IS 10:30 A.M. TOO EARLY FOR HAPPY HOUR?

Drinks by the beach

Some days I don’t feel like being a mother. Some days I don’t even feel like being a person, especially when I find a stinky dead opossum with four dead babies rotting away underneath my shed.

My life consists of laundry and dirty dishes and cooking and yard work and cleaning the new spots of dog piss on what remaining carpet we have left, and trying to explain to my son why it’s not okay to leave poop-stained underwear lying around the house.

Sometimes it’s 10:30 a.m. and I wonder if it’s too early to start drinking. Who said Happy Hour needed to start at 5 in the evening anyway? The things I used to do to relax are no longer possible. Sleeping in; drawing the curtains and watching movies all day; NOT cooking or cleaning. It’s been almost ten years since I’ve done any of that.

Well-meaning folks always tell me, “Enjoy every minute. Kids grow up so fast.”

And sometimes they don’t grow up fast enough, is what I want to tell them.

Or they say, “Just you wait, soon they won’t want anything to do with you” and “They’ll be out of the house before you know it.”

I think, Ahhh, then I’ll get to sleep in, or sleep naked, or sleep with another adult. God, I can’t wait.

I dream of the days when I might finally be able to write without a gazillion interruptions. I’ll certainly never be at a loss for story ideas.
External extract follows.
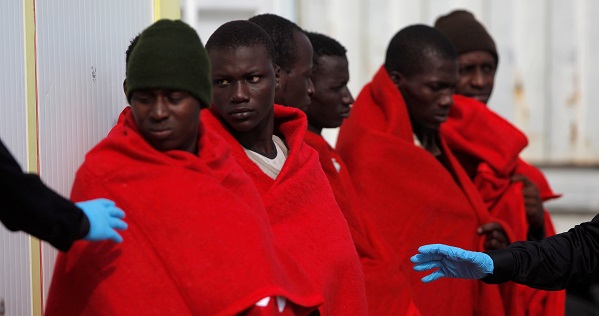 Migrants, who are part of a group intercepted aboard a dinghy off the coast in the Mediterranean Sea, arrive on a rescue boat in Malaga, Spain.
The other day, a newspaper story read:

Jilted dentist gets revenge by pulling all of her ex’s teeth—The bar for break-up revenge stories has just been raised. Anna Mackowiak, 34, a dentist in Wroclaw, Poland, is facing jail time after pulling out all of her ex-boyfriend’s teeth in a calculated fit of rage. While this is obviously unacceptable behavior, 45-year-old Marek Olszewski’s head is clearly missing more than just teeth, if he thought he could walk into his ex’s office without hesitation only days after dumping her for another woman and ask her to work on a toothache. Mr. Olszewski will have many lonely nights to ponder his actions. His new girlfriend was not cool with the toothless look and has left him.”

I couldn’t make that stuff up even if I tried. Seems like someone took “An eye for an eye and a tooth for a tooth” a little too seriously. I’m sorry, but did the man not realize after his sixth tooth was pulled that something was amiss?

How about this headline? “Meth lab explodes in man’s pants during scuffle with cops.” Apparently, he was cooking meth and driving at the same time.

It’s a good thing there’s no shortage of idiots in this world, just like there will always be celebrities who cry over their loss of privacy and then get caught for soliciting man-boys in the bathroom of LA Fitness.

There are days when I’m up for the “Mother of the Second” award, and other times when it’s all I can do just to get through twenty-four hours without sticking a fork in my eye.